=== The data ===
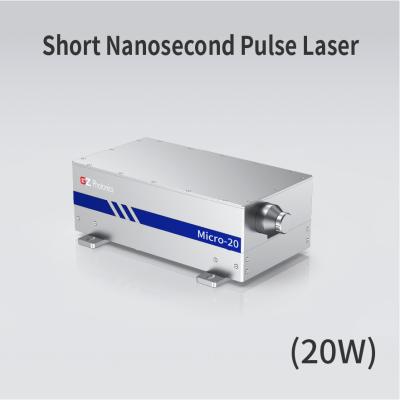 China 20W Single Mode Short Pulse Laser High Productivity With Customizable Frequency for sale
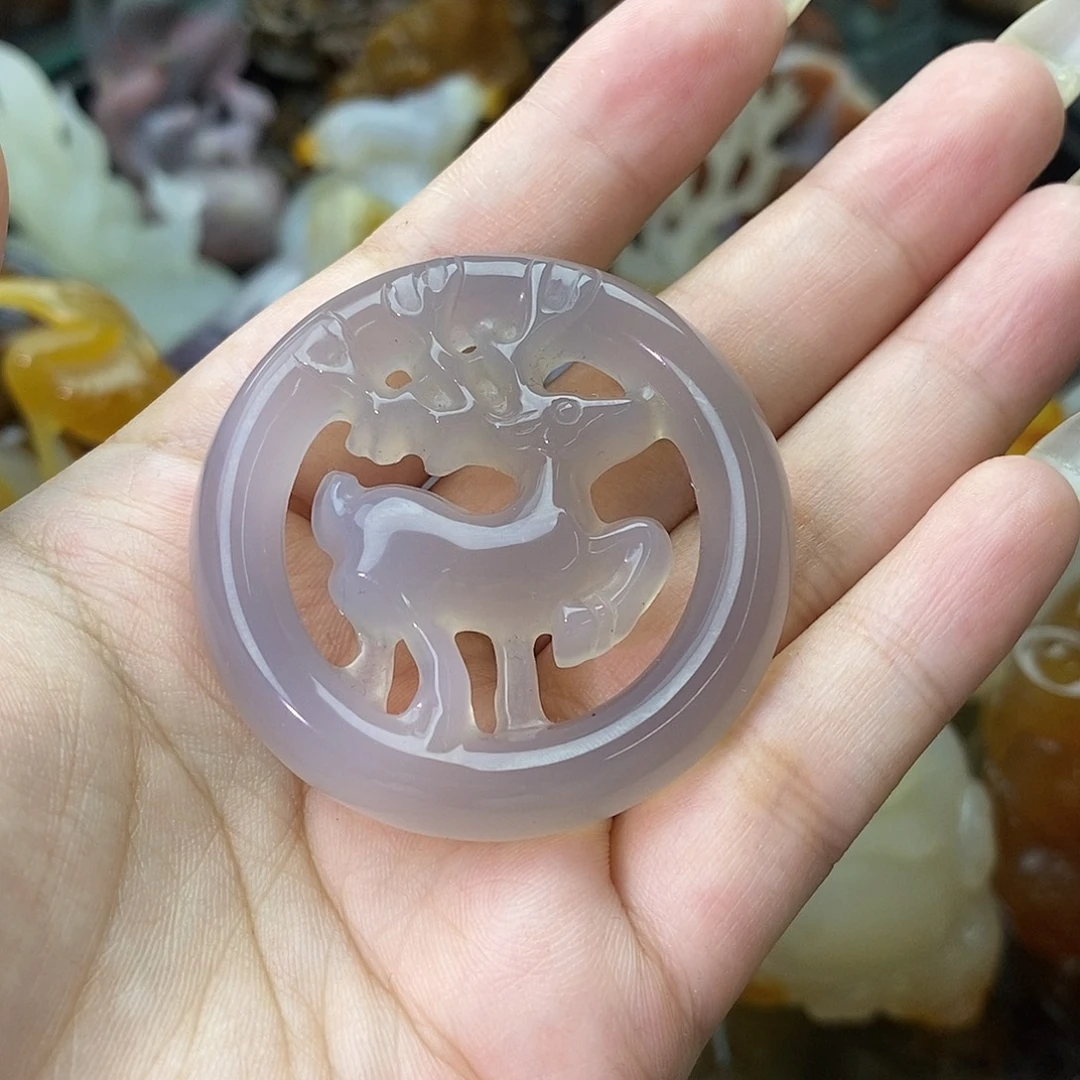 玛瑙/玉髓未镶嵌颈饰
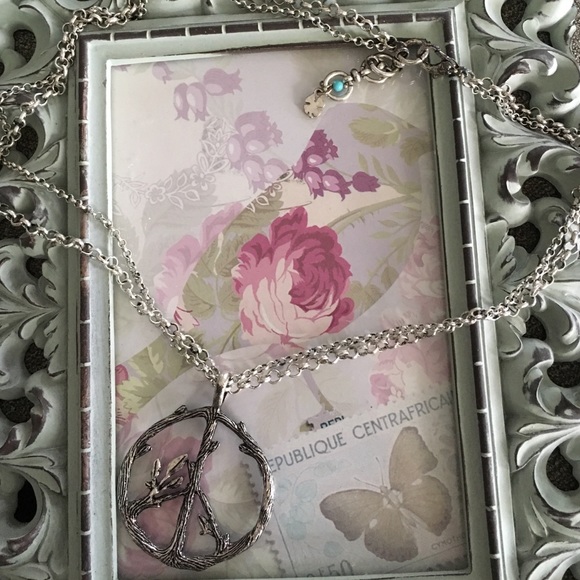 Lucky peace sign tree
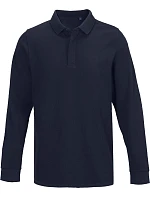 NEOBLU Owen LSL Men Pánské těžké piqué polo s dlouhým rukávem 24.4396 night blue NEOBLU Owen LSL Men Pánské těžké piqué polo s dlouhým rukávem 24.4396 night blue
===
• **Requirement**: An exact copy of the material above is required, free of any pictures.

• **Your response**:
 China 20W Single Mode Short Pulse Laser High Productivity With Customizable Frequency for sale
 玛瑙/玉髓未镶嵌颈饰
 Lucky peace sign tree
 NEOBLU Owen LSL Men Pánské těžké piqué polo s dlouhým rukávem 24.4396 night blue NEOBLU Owen LSL Men Pánské těžké piqué polo s dlouhým rukávem 24.4396 night blue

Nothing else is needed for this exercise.